For the first time ever since the company began its operations, Infosys Chairman and Co-founder Nandan Nilekani has made public his intentions of handing over reins of the tech giant to a non-founder.
Speaking at an event organised to mark completion of 40 years of journey of Infosys on Wednesday, Nandan Nilekani stated, “I am the last joker left and the challenge is little more acute. I am handing over the post of the chairman to a non-founder.”
“There is no plan B,” he underlined. “If I hand it over to somebody and it doesn’t work. I can’t come back at 75 and I don’t think any of the founders want to come back. We are all mortals. We don’t know whether we will be attending the 50 years celebrations,” he said.

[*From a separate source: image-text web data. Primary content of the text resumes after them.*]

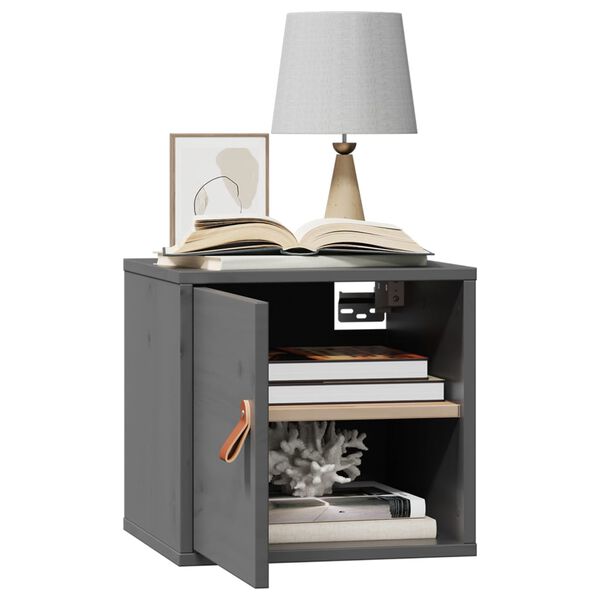 vidaXL Veggskápur Grár 31,5x30x30 cm Gegnheil Fura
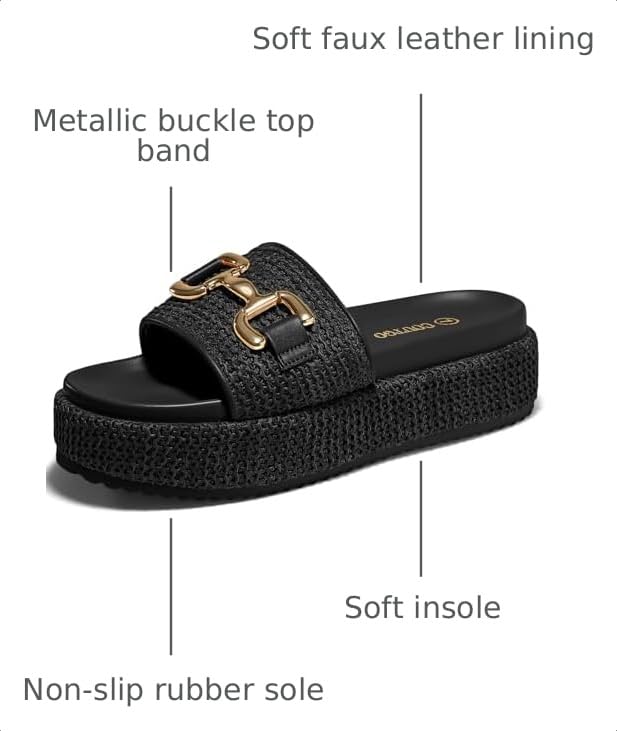 Image of Coutgo Womens Platform Sandals Raffia Espadrilles Metal Chain Slip on Open Toe Cute Beach Slide Sandals
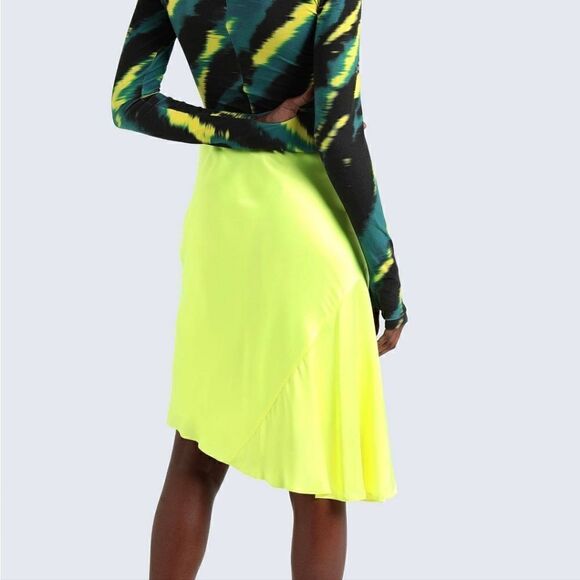 Helmut Lang Neon Yellow Midi Skirt 8 - Picture 3 of 4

The challenge is how do you create an ownership model to a professional model? “I have not found a person whom I can hand over,” he stated when asked if there is anyone on his mind to head Infosys.
Referring to the statement of founder Narayana Murthy that Infosys should flourish for at least 100 years, he stated that the mandate is something in place for 100 years.
“I am the last joker (referring to founders of Infosys) standing and there is no plan B. Even 40 years later, the company is still flourishing because of three ‘R’s.
Relevance, Responsiveness and Resilience. You need to be relevant in business and Infosys has ensured that it is relevant to customers by offering the latest services. Massive investments have been made for reskilling and there is no drama and no surprise.”
“Secondly, attempts will always be there for responsiveness and ensure bureaucratic cholesterol does not seep in as it is a kiss of death. Decisions are made quickly.
Resilience is how well a company faces challenges. When the country faced the challenge of Covid posed stress tests, in a couple of weeks Infosys got on to the speed and scale which no one could match.
Work from home was implemented, after that getting them back to work was a challenge. We have to ensure value addition. Sudden surge in demand as Covid facilitated digital acceleration.
Later, faced with a high attrition rate and now its economic slowdown. In a short span of three years, we experienced all this. How we respond to these situations is important. A structure has to be created and great leadership would ensure efficient management not only for the next generation but for the next 60 years,” he said.
Nilekani explained his vision that he will work on similar lines with Narayana Murthy. “Will I be able to earn the respect of all the stakeholders 20 to 30 years from now? When you think of respect everything falls in place. Happiness is a positive cash flow. If you are burning cash, you lose discipline,” he said.
Commenting on startups he maintained, the young founders are ambitious, strategy, thinking, some are experienced. What worries me is whether they will be able to build an institution which will be there for 30 years from now on. The concern is about their stamina to play long, he said.
Too much money is a curse. Once you lose respect over capital, managing expenses becomes frugality, the game is over, he noted.
He praised Infosys CEO Salil Parekh for his relentless work. He even narrated a recent incident. “Client had requested for a Zoom call from the CEO’s two competing firms. Salil Parekh was travelling in the US. The client wanted a presentation at 2 a.m. there. Another CEO was based in the US and he refused the call. Salil Parekh did the call.” This shows the customer focus of Infosys, he stated.